The second time was just a few hours ago. She stood in front of her Seventh Legion just before the battle and hadn't said a word. She didn't need to. There was no inspiration needed, for on that day, she was going into battle with them.
The Queen’s fleet, spearheaded as always by the Harmoa and her giant ship busting beam, had finally made the last jump into Coran. There were many other Dominion systems under the old rule, but the Queen had decided the Dominar had to fall, and with him, the entire old corrupt system. Coran was a system of three living planets; Coran, Secundaria and Mequa. The primary military force was based out of Secundaria, and it was the first logical step to conquering the system. It was also the home of the First and Second Legions, neither of whom the Queen expected to turn to her. The largest Dominion fleet, the Qando fleet, was based here, and its defeat would not only wound, but nearly obliterate the old Dominion’s rule of space. If they could defeat and hold Secundaria, Coran would fall.
The battle already raged outside.
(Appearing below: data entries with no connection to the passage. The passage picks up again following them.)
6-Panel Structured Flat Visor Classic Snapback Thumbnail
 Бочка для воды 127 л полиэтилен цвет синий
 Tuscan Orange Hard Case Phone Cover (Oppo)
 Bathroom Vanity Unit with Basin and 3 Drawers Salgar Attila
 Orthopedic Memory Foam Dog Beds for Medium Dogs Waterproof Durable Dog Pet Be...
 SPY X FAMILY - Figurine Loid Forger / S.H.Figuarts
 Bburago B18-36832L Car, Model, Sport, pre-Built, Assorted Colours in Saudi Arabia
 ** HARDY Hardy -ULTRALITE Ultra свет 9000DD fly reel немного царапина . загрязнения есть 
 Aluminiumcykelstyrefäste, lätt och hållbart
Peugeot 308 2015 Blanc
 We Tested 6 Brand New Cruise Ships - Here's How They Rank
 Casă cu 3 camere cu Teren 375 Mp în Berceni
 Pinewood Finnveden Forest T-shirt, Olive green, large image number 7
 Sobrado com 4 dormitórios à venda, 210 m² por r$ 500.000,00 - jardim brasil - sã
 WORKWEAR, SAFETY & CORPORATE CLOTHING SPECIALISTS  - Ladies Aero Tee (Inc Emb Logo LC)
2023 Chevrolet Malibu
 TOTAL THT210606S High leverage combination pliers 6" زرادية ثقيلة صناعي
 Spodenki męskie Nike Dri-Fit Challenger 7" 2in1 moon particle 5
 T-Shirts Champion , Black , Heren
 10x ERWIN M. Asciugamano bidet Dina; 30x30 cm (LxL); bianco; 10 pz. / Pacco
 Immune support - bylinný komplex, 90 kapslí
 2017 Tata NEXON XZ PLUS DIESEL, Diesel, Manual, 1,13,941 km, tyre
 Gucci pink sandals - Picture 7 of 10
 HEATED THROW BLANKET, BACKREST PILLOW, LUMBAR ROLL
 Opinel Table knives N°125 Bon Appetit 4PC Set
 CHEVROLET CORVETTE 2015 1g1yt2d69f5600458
For hours, the Harmoa withstood constant attacks both from the fleet and planet side bombardment. The Queen refused to bombard the planet. Everyone knew why. Ogho was onboard one of the seven hundred drop ships ready to bust through a small sub orbital blockade above the capital city. They were to land just outside and battle their cousins and brothers for the soul of the empire. Each and every man onboard the seven hundred drop ships understood the meaning behind it all. They were fighting them for their own freedom, whether they knew it yet or not.